Lemur See, Lemur Do: Lower Primates Show Glimmer of Culture

Black-and-white ruffed lemurs can learn to do complex tasks simply by watching a fellow member of their troop. When researchers showed one lemur how to manipulate a simple snack machine, all other lemurs in its troop successfully performed the same trick on their first try. That lemurs can learn socially like their distant primate relatives, […]

Black-and-white ruffed lemurs can learn to do complex tasks simply by watching a fellow member of their troop.

When researchers showed one lemur how to manipulate a simple snack machine, all other lemurs in its troop successfully performed the same trick on their first try. That lemurs can learn socially like their distant primate relatives, including apes and humans, suggests they possess an underpinning to human-like culture.

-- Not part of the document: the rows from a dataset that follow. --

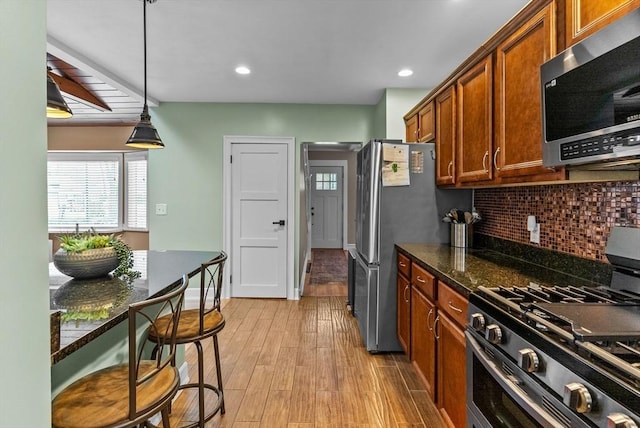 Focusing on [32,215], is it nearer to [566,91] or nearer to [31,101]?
[31,101]

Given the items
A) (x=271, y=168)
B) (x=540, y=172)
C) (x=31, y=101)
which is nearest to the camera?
(x=31, y=101)

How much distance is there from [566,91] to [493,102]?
0.66m

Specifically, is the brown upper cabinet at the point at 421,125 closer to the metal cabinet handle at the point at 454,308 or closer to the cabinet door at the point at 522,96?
the cabinet door at the point at 522,96

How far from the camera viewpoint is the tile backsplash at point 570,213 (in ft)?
5.12

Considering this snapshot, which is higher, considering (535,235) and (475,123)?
(475,123)

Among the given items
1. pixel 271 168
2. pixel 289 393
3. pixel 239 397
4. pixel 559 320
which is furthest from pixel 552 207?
pixel 271 168

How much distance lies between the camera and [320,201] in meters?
8.98

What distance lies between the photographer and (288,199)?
4566 millimetres

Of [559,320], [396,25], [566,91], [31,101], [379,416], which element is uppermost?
[396,25]

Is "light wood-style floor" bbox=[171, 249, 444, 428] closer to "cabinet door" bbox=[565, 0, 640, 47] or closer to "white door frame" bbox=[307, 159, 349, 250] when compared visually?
"cabinet door" bbox=[565, 0, 640, 47]

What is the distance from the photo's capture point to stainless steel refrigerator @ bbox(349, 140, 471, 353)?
2.87 meters

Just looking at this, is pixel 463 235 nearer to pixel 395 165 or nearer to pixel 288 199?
pixel 395 165

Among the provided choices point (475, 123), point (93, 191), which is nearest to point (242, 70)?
point (475, 123)

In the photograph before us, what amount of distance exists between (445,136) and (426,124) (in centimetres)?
47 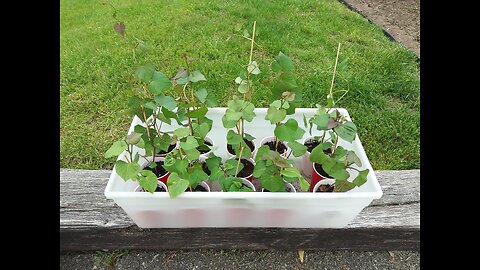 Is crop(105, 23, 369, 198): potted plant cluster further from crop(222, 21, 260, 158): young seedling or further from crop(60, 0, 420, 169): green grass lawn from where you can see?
crop(60, 0, 420, 169): green grass lawn

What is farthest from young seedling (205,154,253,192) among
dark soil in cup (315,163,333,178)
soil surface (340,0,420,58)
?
soil surface (340,0,420,58)

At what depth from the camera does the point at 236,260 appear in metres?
1.30

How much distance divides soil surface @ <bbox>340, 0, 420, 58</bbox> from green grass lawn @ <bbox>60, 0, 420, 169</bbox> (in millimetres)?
206

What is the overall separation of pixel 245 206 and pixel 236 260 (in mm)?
352

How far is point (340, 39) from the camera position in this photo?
257cm

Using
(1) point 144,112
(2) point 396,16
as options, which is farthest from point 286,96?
(2) point 396,16

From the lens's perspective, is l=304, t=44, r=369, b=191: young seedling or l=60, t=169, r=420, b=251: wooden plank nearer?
l=304, t=44, r=369, b=191: young seedling

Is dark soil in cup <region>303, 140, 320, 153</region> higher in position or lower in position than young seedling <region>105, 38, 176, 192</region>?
lower

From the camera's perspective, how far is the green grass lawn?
181cm

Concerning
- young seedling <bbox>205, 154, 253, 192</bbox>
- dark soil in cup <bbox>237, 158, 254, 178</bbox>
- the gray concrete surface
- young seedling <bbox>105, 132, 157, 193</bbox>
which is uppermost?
young seedling <bbox>105, 132, 157, 193</bbox>

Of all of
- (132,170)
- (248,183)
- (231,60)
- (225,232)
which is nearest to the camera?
(132,170)

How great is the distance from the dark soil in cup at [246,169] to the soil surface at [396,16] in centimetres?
191

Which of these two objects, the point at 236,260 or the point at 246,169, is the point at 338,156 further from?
the point at 236,260

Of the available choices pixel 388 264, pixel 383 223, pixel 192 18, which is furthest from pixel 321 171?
pixel 192 18
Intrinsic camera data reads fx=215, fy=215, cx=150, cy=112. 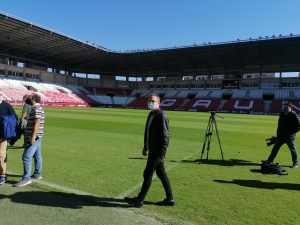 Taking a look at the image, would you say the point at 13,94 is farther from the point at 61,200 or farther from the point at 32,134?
the point at 61,200

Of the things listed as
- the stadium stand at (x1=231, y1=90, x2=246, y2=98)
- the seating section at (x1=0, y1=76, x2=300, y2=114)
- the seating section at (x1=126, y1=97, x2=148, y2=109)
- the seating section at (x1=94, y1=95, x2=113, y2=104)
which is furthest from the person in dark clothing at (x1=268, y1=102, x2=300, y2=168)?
the seating section at (x1=94, y1=95, x2=113, y2=104)

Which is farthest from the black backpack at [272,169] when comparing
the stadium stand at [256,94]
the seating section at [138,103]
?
the seating section at [138,103]

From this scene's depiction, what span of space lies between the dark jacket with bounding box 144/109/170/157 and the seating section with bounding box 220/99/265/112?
169 ft

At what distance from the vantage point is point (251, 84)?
6244 centimetres

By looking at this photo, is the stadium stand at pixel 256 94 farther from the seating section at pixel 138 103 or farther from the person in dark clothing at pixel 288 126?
the person in dark clothing at pixel 288 126

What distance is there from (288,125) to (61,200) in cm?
675

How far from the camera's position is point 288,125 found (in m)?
6.77

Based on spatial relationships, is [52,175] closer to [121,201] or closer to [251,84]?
[121,201]

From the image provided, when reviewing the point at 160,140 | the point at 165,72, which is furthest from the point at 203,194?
the point at 165,72

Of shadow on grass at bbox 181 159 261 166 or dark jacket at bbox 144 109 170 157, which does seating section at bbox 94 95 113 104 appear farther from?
dark jacket at bbox 144 109 170 157

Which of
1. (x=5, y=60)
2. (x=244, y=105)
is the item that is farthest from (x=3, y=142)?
(x=5, y=60)

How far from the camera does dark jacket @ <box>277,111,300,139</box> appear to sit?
6637mm

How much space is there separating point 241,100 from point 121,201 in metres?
57.4

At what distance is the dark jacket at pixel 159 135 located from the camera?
4.05 metres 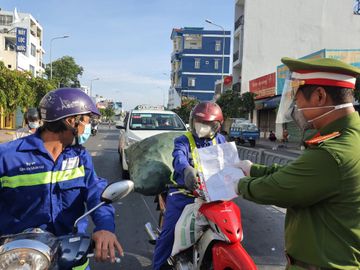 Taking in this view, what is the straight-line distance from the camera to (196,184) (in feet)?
8.94

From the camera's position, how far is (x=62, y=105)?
218cm

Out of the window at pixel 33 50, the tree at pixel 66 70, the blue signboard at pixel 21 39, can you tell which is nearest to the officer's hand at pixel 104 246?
the blue signboard at pixel 21 39

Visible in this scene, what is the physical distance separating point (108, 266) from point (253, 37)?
36190 mm

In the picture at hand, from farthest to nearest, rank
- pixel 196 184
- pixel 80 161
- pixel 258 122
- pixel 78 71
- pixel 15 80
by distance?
pixel 78 71 < pixel 258 122 < pixel 15 80 < pixel 196 184 < pixel 80 161

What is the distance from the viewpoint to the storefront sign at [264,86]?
30.5 meters

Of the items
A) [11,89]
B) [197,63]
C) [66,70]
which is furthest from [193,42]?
[11,89]

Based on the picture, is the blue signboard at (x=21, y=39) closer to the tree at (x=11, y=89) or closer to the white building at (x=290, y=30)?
the tree at (x=11, y=89)

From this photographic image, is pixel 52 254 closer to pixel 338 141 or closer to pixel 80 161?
pixel 80 161

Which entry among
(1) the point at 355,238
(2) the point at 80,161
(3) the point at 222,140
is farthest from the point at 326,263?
(3) the point at 222,140

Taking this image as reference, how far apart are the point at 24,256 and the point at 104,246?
49cm

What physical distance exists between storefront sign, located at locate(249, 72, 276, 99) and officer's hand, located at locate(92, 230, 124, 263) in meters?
29.2

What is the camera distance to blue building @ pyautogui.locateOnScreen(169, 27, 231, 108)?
7725 centimetres

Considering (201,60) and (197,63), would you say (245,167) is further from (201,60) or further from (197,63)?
(197,63)

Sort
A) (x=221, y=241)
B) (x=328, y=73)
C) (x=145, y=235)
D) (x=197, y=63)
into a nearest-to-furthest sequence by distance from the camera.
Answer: (x=328, y=73)
(x=221, y=241)
(x=145, y=235)
(x=197, y=63) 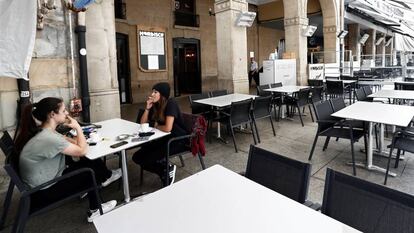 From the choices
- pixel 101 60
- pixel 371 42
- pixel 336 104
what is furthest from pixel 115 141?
pixel 371 42

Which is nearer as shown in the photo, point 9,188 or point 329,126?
point 9,188

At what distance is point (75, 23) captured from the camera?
374 centimetres

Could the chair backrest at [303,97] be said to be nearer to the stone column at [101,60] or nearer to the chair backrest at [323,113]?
the chair backrest at [323,113]

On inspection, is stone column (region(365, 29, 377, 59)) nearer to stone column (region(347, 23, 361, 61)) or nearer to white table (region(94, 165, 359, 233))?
stone column (region(347, 23, 361, 61))

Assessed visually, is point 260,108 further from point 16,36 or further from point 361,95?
point 16,36

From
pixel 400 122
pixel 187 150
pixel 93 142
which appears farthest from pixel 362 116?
pixel 93 142

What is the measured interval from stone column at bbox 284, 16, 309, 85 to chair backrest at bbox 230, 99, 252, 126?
215 inches

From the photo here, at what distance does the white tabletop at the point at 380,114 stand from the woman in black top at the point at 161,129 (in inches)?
76.9

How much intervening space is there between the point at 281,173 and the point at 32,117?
1825 mm

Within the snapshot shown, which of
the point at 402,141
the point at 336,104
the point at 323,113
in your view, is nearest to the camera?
the point at 402,141

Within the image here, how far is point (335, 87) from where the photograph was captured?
7246 millimetres

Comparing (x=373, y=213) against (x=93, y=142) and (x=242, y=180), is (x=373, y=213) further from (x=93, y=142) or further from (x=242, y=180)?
(x=93, y=142)

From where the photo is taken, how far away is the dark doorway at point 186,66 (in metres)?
11.0

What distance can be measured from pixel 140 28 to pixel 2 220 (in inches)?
322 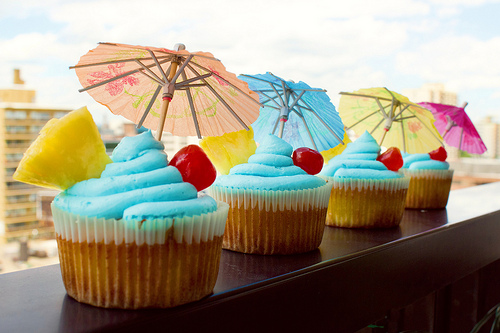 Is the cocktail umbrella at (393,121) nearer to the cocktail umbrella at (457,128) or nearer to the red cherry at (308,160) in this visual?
the cocktail umbrella at (457,128)

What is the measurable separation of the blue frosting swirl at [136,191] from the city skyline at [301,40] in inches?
4.6

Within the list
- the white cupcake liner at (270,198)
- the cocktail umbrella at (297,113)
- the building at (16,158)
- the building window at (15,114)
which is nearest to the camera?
the white cupcake liner at (270,198)

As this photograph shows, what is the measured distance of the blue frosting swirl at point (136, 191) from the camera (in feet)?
2.23

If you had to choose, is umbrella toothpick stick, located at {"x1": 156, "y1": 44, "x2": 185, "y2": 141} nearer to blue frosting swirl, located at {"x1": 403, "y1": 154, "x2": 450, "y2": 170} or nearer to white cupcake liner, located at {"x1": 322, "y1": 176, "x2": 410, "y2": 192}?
white cupcake liner, located at {"x1": 322, "y1": 176, "x2": 410, "y2": 192}

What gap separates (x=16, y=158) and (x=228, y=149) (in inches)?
631

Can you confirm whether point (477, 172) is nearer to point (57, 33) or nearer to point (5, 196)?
point (5, 196)

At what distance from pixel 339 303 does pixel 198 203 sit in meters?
0.43

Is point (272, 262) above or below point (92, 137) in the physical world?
below

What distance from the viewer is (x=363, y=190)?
138 centimetres

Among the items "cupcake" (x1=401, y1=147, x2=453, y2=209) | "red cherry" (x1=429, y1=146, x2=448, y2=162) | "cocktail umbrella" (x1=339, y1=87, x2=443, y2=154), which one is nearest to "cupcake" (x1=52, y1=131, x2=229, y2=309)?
"cocktail umbrella" (x1=339, y1=87, x2=443, y2=154)

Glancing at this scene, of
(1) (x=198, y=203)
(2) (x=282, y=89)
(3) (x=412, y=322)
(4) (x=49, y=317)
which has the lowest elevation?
(3) (x=412, y=322)

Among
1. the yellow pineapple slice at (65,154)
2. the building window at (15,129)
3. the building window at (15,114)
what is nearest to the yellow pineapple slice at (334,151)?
the yellow pineapple slice at (65,154)

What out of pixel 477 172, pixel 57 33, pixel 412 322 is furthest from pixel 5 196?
pixel 412 322

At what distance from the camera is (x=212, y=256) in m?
0.77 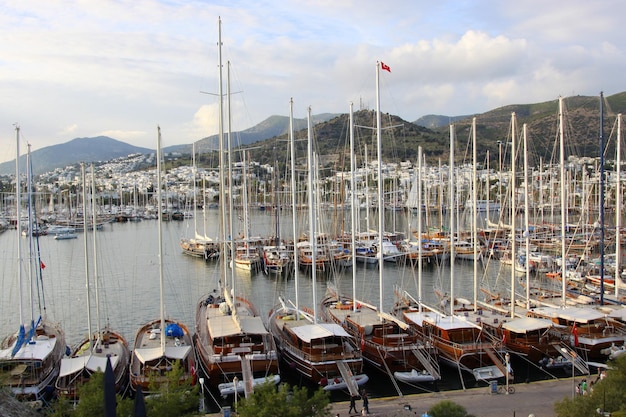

“We don’t really understand how culture evolved,” said primatologist Tara Stoinski of Zoo Atlanta, co-author of the upcoming study in Biology Letters. “To do that, we need to look more broadly at primates and include lemurs in cognition research.”

Lemurs’ only natural habitat is isolated on the southern tip of Madagascar, a large island off the southeast African coast. They are members of a small group of primates called prosimians, which split off the evolutionary tree about 63 million years ago from simians, a grouping of primates that includes gorillas, chimpanzees, Old World monkeys and humans.

Most cognitive research has zeroed in on simian animals and found them to be highly adept in social learning, tool use and other essentials of human-like culture. Lemurs have been mostly excluded because studies in the 1960s suggested they weren’t very bright.

“Recently, however, we’ve seen tool use in lemurs, and recognition of tool features,” said psychologist Laurie Santos of Yale University, who studies primate cognition but wasn’t involved in Stoinski’s research. “For the most part, researchers just really haven’t looked.”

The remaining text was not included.